Following the Turkish president’s single-handed dismissal of The Council of Europe Convention on Preventing and Combating Violence Against Women and Domestic Violence, more known as the Istanbul Convention, there is not a better time to discuss feminism and the overall political situation in Turkey in the light of it. Sanem Güner is the Assistant Director of the Hollings Center for International Dialogue, a non-governmental organization established to advance dialogue between the United States and countries with predominantly Muslim populations. Sanem Güner was interviewed by Hille Hanso.
The history of Turkish feminism goes back to Ottoman times and is very viable today. Yet we hear the narrative that claims that equal rights were a top-down policy during the westernization period in the early Turkish Republic and can therefore be seen as patriarchal in nature. Or, being therefore unnatural or unsuitable for the Turkish society – as the nationalist conservatives of today’s Turkey claim? What is your take on this?

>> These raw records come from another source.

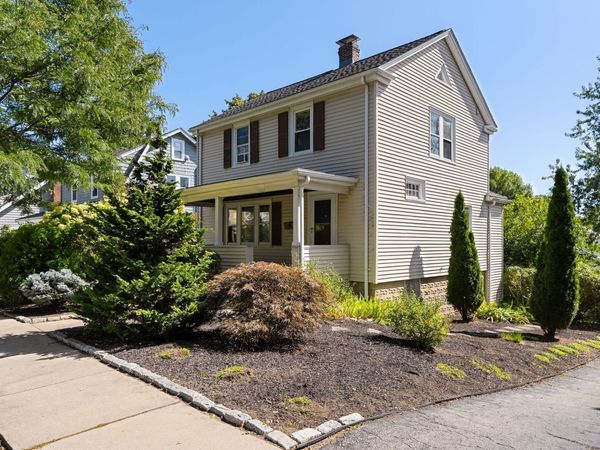 152 Mount Vernon St, Arlington, MA 02476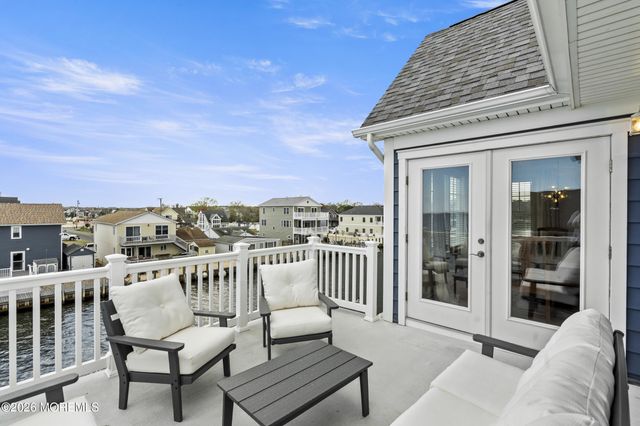 56 Beacon Drive, Waretown, NJ 08758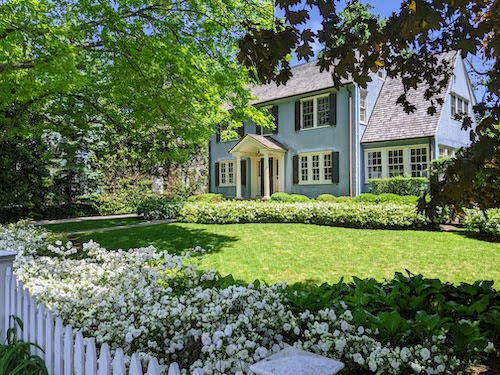 a historic home on a walking path near Stanton House Inn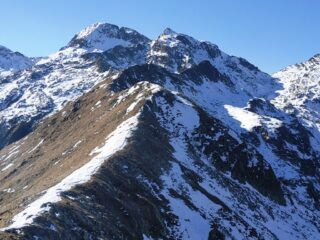 Dorsale per la Leitusa. Monfandi - Liamau sullo sfondo.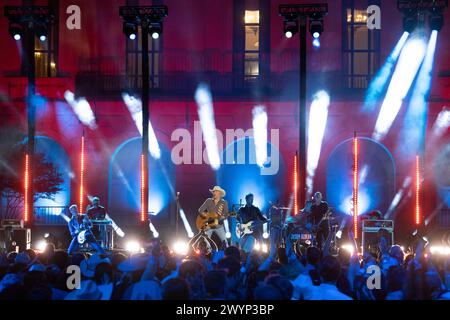 JASON ALDEAN, chanteur country controversé, se produit lors d'un enregistrement de Country Music Television (CMT) au South Mall sur le campus de l'Université du Texas le 3 avril 2024. Les CMT Awards reviennent à Austin, la capitale mondiale de la musique live autoproclamée, avec un spectacle live le 7 avril 2024. Crédit : Bob Daemmrich/Alamy Live News Banque D'Images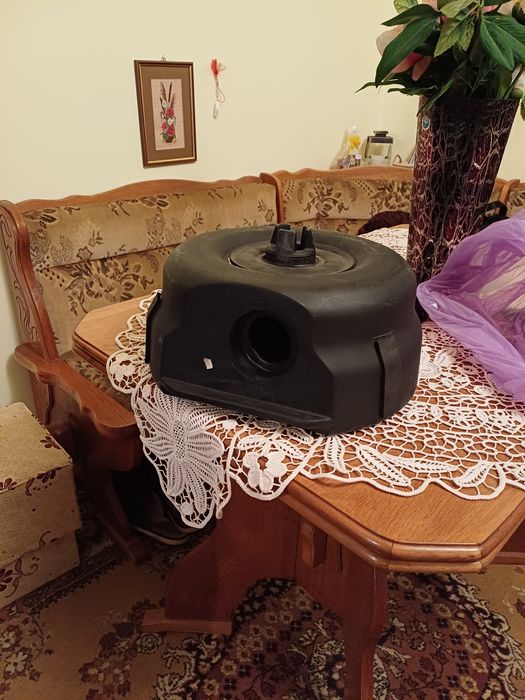 Vând Subwoofer Mercedes-Benz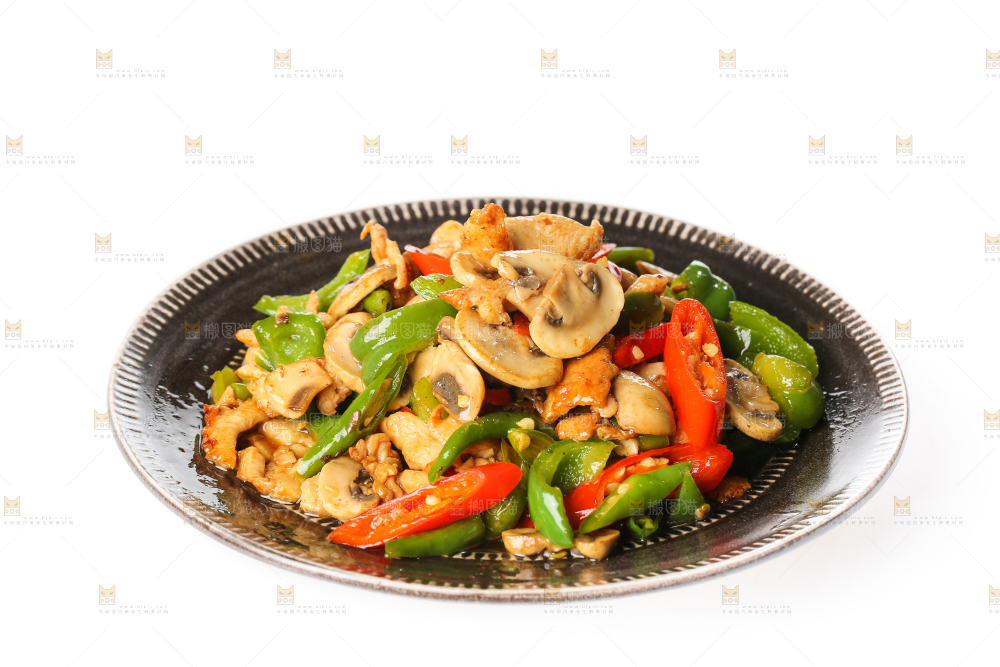 白底上的口蘑炒肉片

There were of course top-down policies that helped women gain equal rights to men first during the Tanzimat period, then during the Republican period (The Tanzimat, Reorganization in Turkish was a modernization period of reforms in the Ottoman Empire that began in 1839 and ended with the First Constitutional Era in 1876. HH). But the narrative of ‘a group of savior men with a western / modern vision came and rescued women from the oppression of Islam and a conservative patriarchal culture’ is simply incorrect.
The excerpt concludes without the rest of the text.